▶ _The data_
· · · · ·
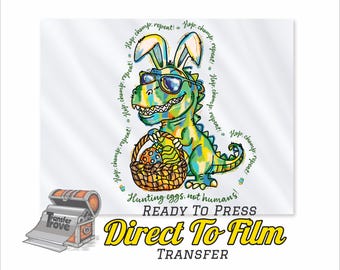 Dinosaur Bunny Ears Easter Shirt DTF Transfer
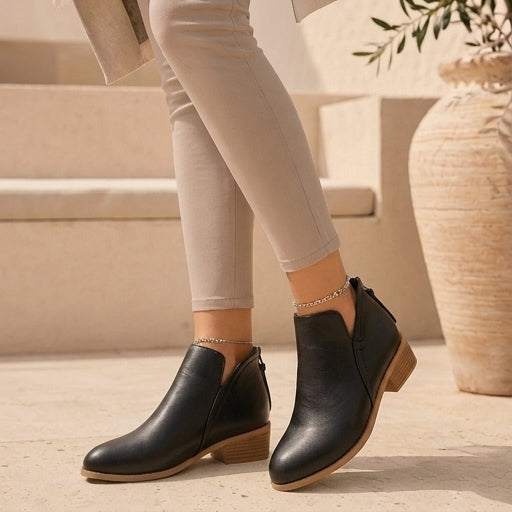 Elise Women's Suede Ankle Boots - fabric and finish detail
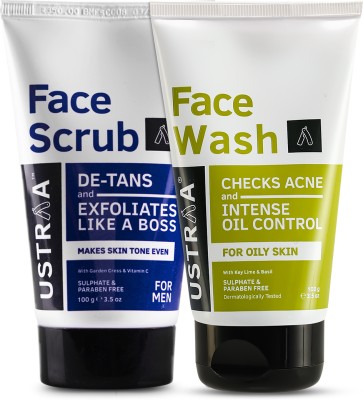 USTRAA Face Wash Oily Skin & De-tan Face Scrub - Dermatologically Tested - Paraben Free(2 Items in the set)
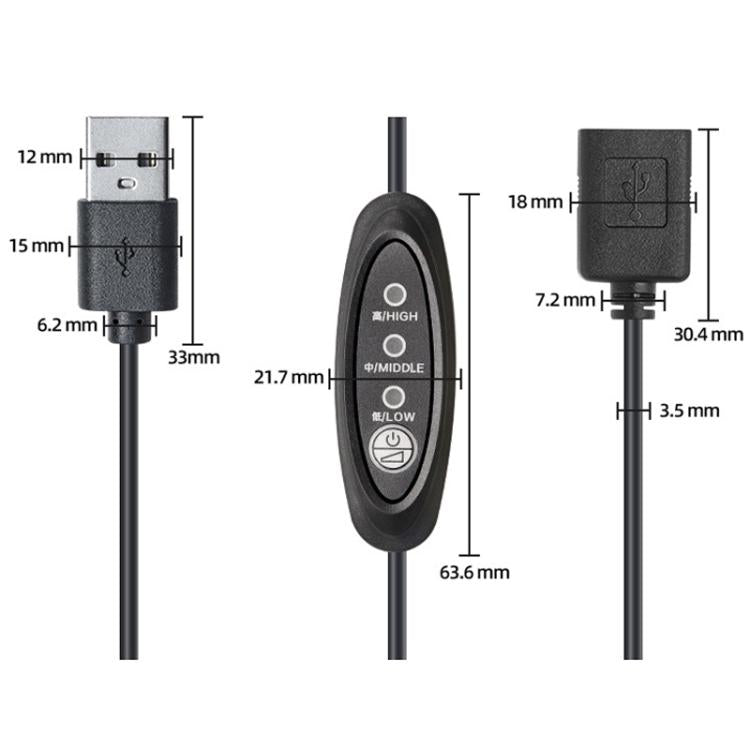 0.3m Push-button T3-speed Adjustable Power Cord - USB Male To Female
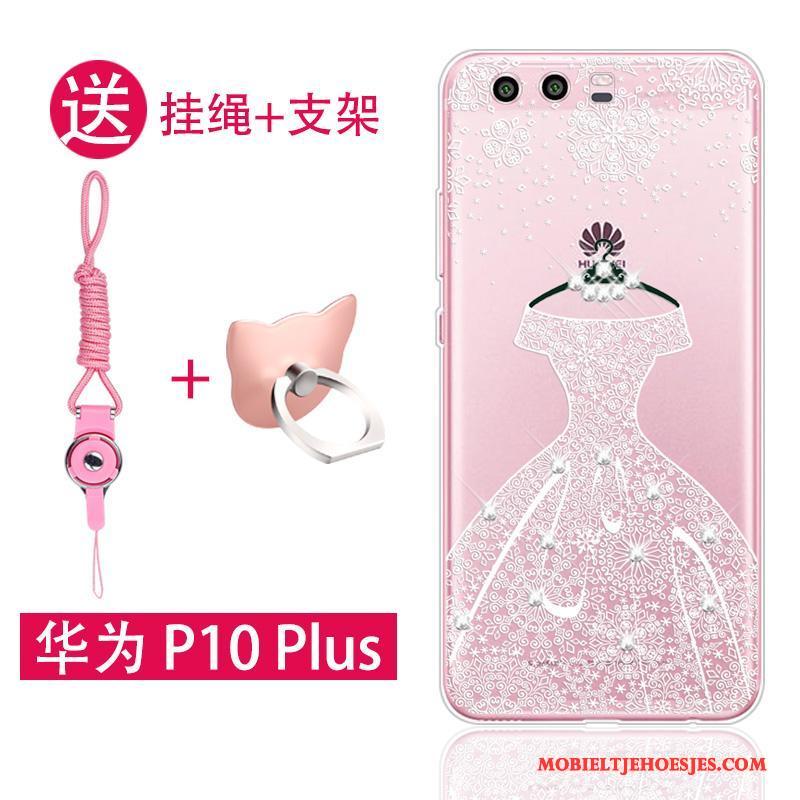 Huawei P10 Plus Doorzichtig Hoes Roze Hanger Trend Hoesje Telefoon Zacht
· · · · ·
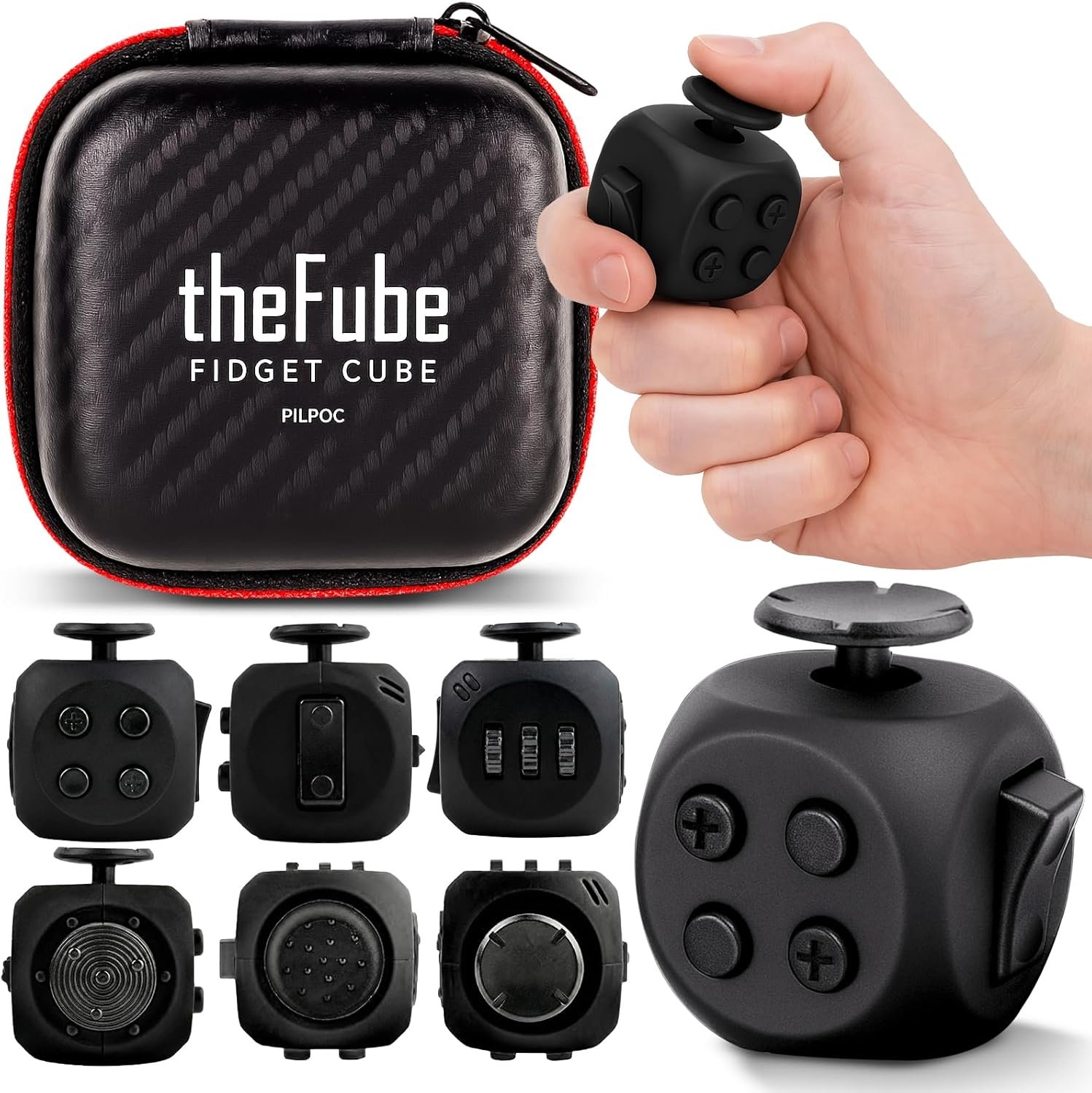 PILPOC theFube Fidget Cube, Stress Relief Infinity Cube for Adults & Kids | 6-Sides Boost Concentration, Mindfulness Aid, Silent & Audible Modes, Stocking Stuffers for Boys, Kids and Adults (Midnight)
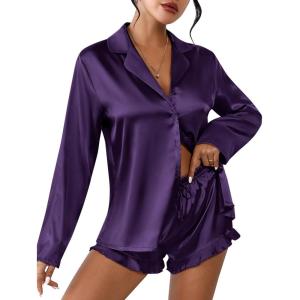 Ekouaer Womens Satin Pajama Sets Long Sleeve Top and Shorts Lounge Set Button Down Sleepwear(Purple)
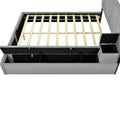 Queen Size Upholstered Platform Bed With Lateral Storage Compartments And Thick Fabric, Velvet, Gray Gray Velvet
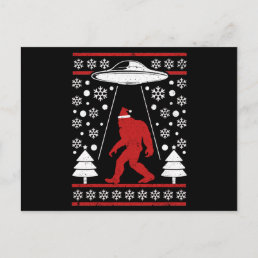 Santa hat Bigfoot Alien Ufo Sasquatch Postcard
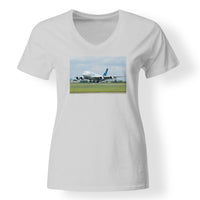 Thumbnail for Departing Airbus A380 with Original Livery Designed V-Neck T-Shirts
· · · · ·
▶ _Problem details_
Beginning with the line that contains "Queen Size Upholstered" and ending with the line that contains "Thumbnail for Departing", reproduce the listing exactly, pictures excluded.

▶ _Task result_
 Queen Size Upholstered Platform Bed With Lateral Storage Compartments And Thick Fabric, Velvet, Gray Gray Velvet
 Santa hat Bigfoot Alien Ufo Sasquatch Postcard
 Thumbnail for Departing Airbus A380 with Original Livery Designed V-Neck T-Shirts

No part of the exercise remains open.